In these circumstances, the multimode wireless communication device
114 may unsuccessfully attempt to acquire service from the access
node 102 after receiving the search message 126 from the base
station 108.
[0049] In some situations, the determination of whether to transmit
the device proximity message 124 may be based on other
characteristics of the non-traffic state uplink signal in addition
to the detection of the non-traffic state uplink signal. For
example, the proximity of the multimode wireless communication
device 114 to the access node 102 may be calculated or estimated
based on characteristics of the non-traffic state uplink signal 120
and the device proximity message 124 may be transmitted only when
the estimated proximity is less than a proximity threshold.
Examples of detection signal characteristics include a signal to
noise ratio (SNR), bit error rate (BER), frame error rate (FER),
packet error rate (PER), power level, and signal travel time.
[0050] In some circumstances, the controller 436 determines, or at
least estimates, the proximity of the authorized multimode wireless
communication device 114 to the access node 102 based on one or
more characteristics of the uplink signal. In the exemplary
embodiment, the detection of an uplink signal from the
communication device 114 is sufficient to determine that the
communication device 114 is within a proximity range.

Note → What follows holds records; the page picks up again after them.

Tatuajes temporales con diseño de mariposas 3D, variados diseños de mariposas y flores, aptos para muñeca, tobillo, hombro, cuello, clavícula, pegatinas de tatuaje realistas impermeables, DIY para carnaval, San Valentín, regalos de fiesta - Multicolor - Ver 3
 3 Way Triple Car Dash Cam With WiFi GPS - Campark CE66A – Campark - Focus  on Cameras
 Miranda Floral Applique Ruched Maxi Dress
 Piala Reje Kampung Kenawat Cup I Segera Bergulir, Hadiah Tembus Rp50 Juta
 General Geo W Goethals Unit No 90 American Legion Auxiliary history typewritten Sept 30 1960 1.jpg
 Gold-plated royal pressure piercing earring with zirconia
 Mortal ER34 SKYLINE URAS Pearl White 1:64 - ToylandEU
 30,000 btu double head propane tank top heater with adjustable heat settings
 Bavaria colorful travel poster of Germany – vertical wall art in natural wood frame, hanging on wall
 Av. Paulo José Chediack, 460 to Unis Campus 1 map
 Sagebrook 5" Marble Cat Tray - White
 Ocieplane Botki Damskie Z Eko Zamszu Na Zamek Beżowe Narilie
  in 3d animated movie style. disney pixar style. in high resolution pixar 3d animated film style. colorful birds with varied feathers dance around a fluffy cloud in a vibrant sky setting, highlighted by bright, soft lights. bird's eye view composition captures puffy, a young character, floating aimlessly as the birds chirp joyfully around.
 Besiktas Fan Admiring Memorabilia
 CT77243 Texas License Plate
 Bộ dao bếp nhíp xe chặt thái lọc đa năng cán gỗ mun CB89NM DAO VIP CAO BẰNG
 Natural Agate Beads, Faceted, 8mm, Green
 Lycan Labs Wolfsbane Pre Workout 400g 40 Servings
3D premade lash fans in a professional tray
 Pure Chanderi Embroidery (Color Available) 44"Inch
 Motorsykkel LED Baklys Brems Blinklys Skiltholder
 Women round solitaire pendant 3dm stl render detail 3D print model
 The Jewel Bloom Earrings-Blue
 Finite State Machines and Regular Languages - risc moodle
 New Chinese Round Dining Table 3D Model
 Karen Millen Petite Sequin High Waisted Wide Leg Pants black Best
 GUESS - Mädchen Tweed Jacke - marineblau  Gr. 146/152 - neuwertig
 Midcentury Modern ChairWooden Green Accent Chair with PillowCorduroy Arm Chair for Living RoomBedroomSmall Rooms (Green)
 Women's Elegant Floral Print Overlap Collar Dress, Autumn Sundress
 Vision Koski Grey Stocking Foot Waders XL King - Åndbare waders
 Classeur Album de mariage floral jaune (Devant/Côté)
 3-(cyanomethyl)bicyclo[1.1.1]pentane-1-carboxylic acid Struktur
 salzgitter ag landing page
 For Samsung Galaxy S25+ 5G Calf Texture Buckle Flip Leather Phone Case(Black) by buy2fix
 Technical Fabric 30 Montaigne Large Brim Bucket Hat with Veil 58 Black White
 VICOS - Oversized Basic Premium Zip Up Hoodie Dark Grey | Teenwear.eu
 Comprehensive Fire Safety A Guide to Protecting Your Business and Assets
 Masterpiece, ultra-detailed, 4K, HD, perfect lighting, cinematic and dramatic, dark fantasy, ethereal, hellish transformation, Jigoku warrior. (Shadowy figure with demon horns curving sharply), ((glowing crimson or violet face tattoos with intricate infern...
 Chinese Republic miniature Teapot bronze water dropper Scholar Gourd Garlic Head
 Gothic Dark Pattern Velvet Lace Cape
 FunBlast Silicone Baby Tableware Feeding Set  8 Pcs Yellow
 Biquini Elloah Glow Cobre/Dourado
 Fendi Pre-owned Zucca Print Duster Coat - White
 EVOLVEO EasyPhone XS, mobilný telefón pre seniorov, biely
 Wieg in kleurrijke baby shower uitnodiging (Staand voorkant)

The proximity
is used to determine whether the communication device 114 is
possibly within range of the access node 102 and at least possibly
able to receive communication service from the access node.
Therefore, the controller 436 at least determines whether the
communication device is possibly within range of the access node
102. If the controller 436 determines that the multimode wireless
communication device 114 is possibly in range, the device proximity
message 124 is sent to the controller 118 in the WWAN system
infrastructure 112 which results in the transmission of the search
message 126 to the multimode wireless communication device 114.
Examples of techniques that can be used to determine proximity of
the multimode wireless communication device 114 to the access node
102 are discussed in the referenced U.S. patent application Ser.
No. 11/565,266.
[0051] The controller 436 may determine whether to transmit the
device proximity message 124 based on factors other than proximity
of the multimode wireless communication device 114 or the detection
of the non-traffic state uplink signal 120. For example, factors
may include the available capacity of the access node 102, core
network requirements, required bandwidth of the multimode wireless
communication device communications, and availability of other base
stations or communication service providers in the area.
Accordingly, the access node 102 may not transmit the device
proximity message 124 even if the multimode wireless communication
device is within range in some circumstances. In some situations,
the device proximity message 124 is transmitted every time a
multimode wireless communication device is detected by the access
node 102 and the system infrastructure 112 determines whether to
transmit the search message 126.
[0052] The device proximity message is generated by the controller
436 and transmitted through the communication interface 408,
through the IP network 410 and/or the access router 414 to the
access gateway 412. The access gateway 412 routes the device
proximity message through the system infrastructure 112 to the
controller 118. As described above, for the discussed example, the
controller 118 is the same equipment that is used to generate
paging messages to the multimode wireless communication device 114.
The controller 118 receives the device proximity message 124 and
extracts the appropriate information. In response to the device
proximity message 124, the controller 118 generates the search
message 126 which is transmitted from the base station 108 to the
multimode wireless communication device 114. As discussed above,
the search message 126 triggers an adjustment of the multimode
wireless communication device searching scheme that the multimode
wireless communication device 114 employs for searching for WLAN
service. For the example, the search message 126 invokes the
activation of the WLAN uplink receiver 418. In some circumstances,
the search message 126 may specifically instruct the multimode
wireless communication device 114 to search for the particular
access node 102 that detected the up link signal or may identify
particular channels and/or frequencies that should be searched.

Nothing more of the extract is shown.